Perhaps I'm being unnecessarily charitable in my interpretation of what a3n said, but I gathered from the differentiation between "capital A" atheists and lowercase a atheists as a subtle distinction between individuals who evangelize their beliefs and those who don't.
Yeah, pretty much. I get real embarrassed when Atheists make fun of people for santa clause in the sky and such. Let people believe what they want, it's a hard universe.
I wish more people shared your outlook. Judging by some of the other comments here, in addition to the reply you received, I think we could all learn something from you!
> Atheists frequently evangelize. It is a religious belief.

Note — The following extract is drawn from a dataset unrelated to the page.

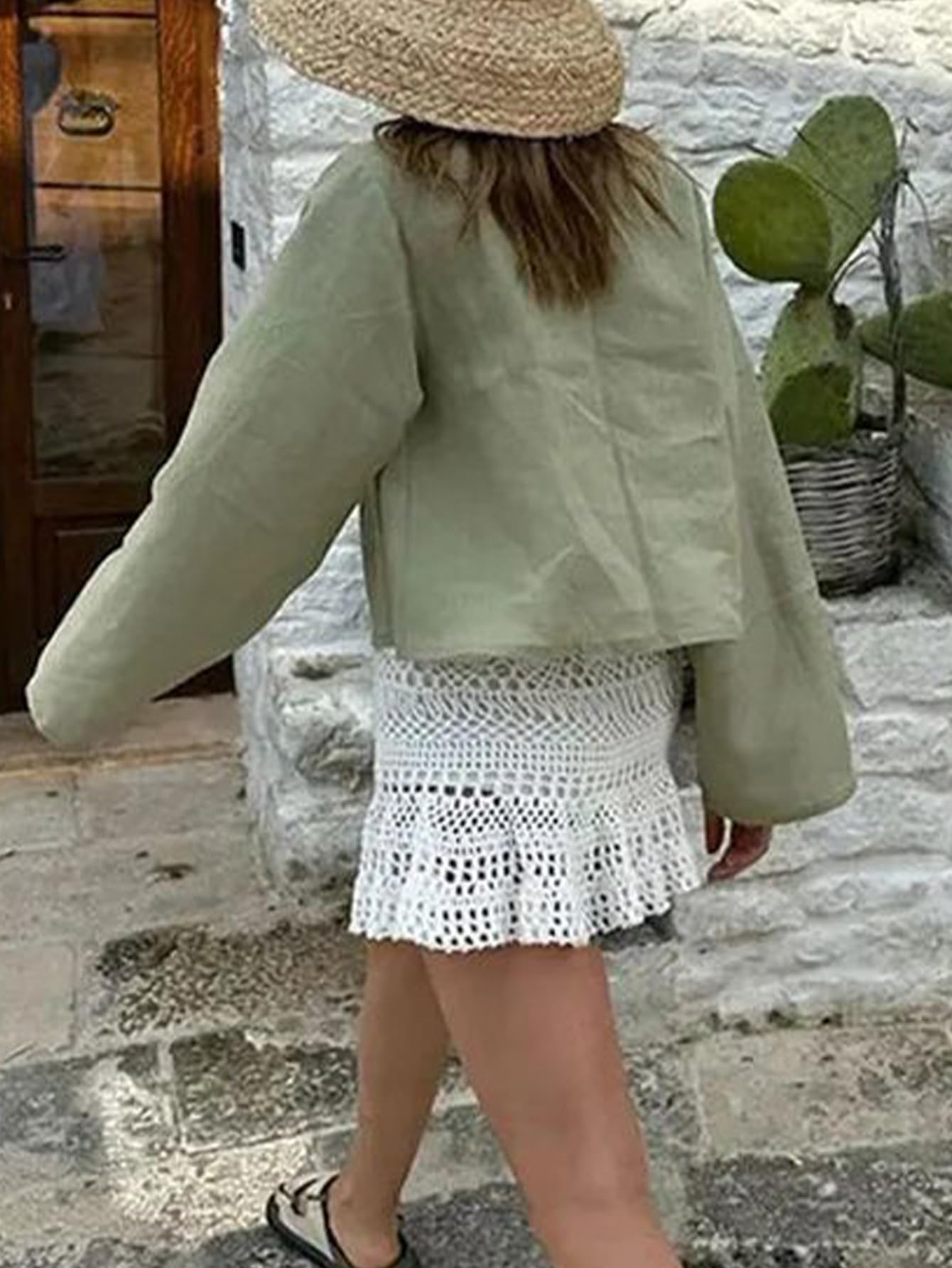 Tie Front Linen Shirt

They evangelize, but its more of ideology that concerns religion rather than just a belief. The main problem with atheism is the definition: absence of religion, this is such a derogatory word as if believing in deities should be the norm. Agnostic is even worse seat: declaring that you have no clue but probably are somewhat spiritual. If you don't like religion say proudly that you are antitheist!
Calling atheism a religious belief is as disingenuous as describing science as a religion.

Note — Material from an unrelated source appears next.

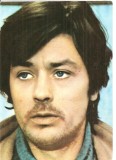 CPI (B4036) ALAIN DELON, CARTE POSTALA ILUSTRATA, CASA FILMULUI ACIN, NECIRCULATA, (4), Fotografie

It is possible to be religious in your science-based beliefs, but that does not make science itself a religion. If someone believes something only because "scientists" said so then they share many of the qualities of religions. I would shy away from calling even this a religion, however, as these people are willing to change their belief if the scientific consensus changes.
Furthermore, merely evangelising is not enough to make something a religious belief and it would be an abuse of the language to conflate them in that way. It is completely reasonable to evangelise scientific ideas, and it would be wrong to label that act as a religious one.
Atheism is not science, but it shares a common tenet; both atheists and scientists are willing to change their belief if shown appropriate evidence. Atheists can evangelise for many reasons, but those reasons need not be religious. For example, atheists may believe that religious teachings promote the worst aspects of tribalism and actively harm our society. An atheist can evangelise that the argument "My god is better than your god" is a pointless source of discontent in the world, and want to remove the source of that discontent, without being religious.
Of course, there will be people who shout "you're wrong because SCIENCE!!" but the religious nature of those people doesn't magically transfer to the beliefs they hold simply because they hold them.
> Atheists frequently evangelize. It is a religious belief.
It isn't, and it's insulting to say so: You're imposing a category on people based on deliberately misunderstanding their worldview. Atheists say their lack of belief isn't a belief, and saying otherwise is insulting.